Fort McHenry - Maryland Historic Site

Gene Pisasale rasing the flag at Fort McHenry

Where is Fort McHenry?

The Fort is located in Baltimore, Maryland at 2400 East Fort Avenue, Baltimore, MD 21230.

Fort McHenry Map

Did you know: every newly designed U.S. flag is first flown over Fort McHenry.

Did you know: Frances Scott Key wrote the Star Spangled Banner during the War of 1812 at Fort McHenry.

Forgotten Star by Gene Pisasale

An historical mystery about the Star-Spangled Banner

One major struggle 200 years ago passed into the history books as a conflict we’d rather forget than celebrate. It was sparked by acts of piracy on the high seas committed against American vessels, which were stripped of their cargoes and in many cases their sailors, some forced into servitude in the British Navy. After much debate, on June 18th, President James Madison signed the paperwork. The War of 1812 had begun. In trying to destroy their enemy, the British targeted many of the major ports in the U.S., including Baltimore. U.S. Major George Armistead was made the commanding officer of Baltimore’s Fort McHenry in 1813 after having participated in successful engagements against British troops. Upon his arrival at the Fort, he’d informed General Samuel Smith: “We, Sir, are ready at Fort McHenry to defend Baltimore against invading by the enemy… except that we have no suitable ensign to display over the fort and it is my desire to have a flag so large that the British will have no difficulty in seeing it from a distance…”

After the destruction of Washington by British forces, Armistead knew his stronghold would be next.

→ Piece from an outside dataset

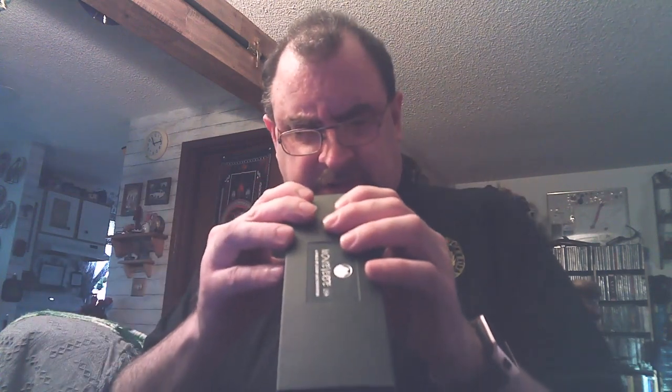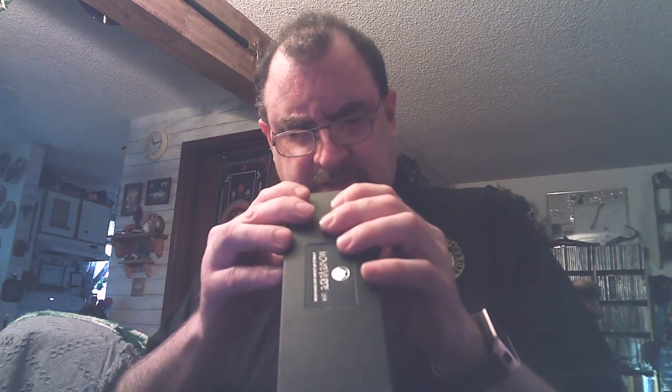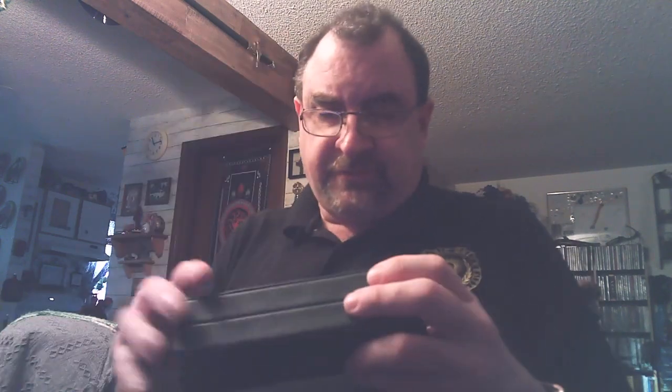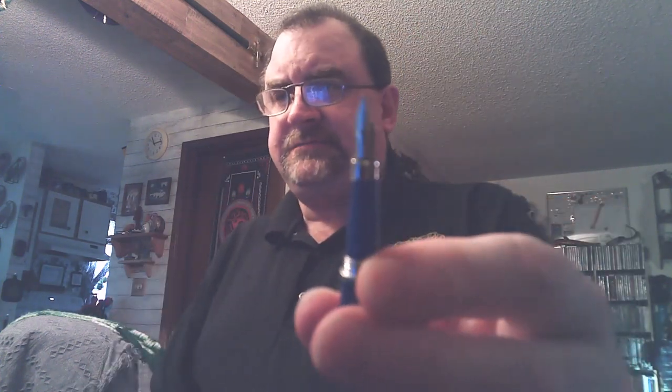Onto the pens — this is a Monte Verde Cobalt Blue Line, and it's the Mini Jewel. So it's a small pen. I love their little boxes. Oh, that's cool — a little pen. There's the nib. It's a hefty pen.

He gave orders to produce 320,000 musket cartridges and artillery rounds for the general defense of the city. The gunpowder came from a small, upstart company based in Wilmington, Delaware named Du Pont. On September 11, 1814 the English expeditionary force arrived in the Patapsco River below Fort McHenry. British General Ross landed 9,000 men at North Point to begin the march west to Baltimore The bombardment of Fort McHenry began early in the morning of September 13th, warships hurling a total of more than 2,000 cannonballs and exploding Congreve rockets at the citadel.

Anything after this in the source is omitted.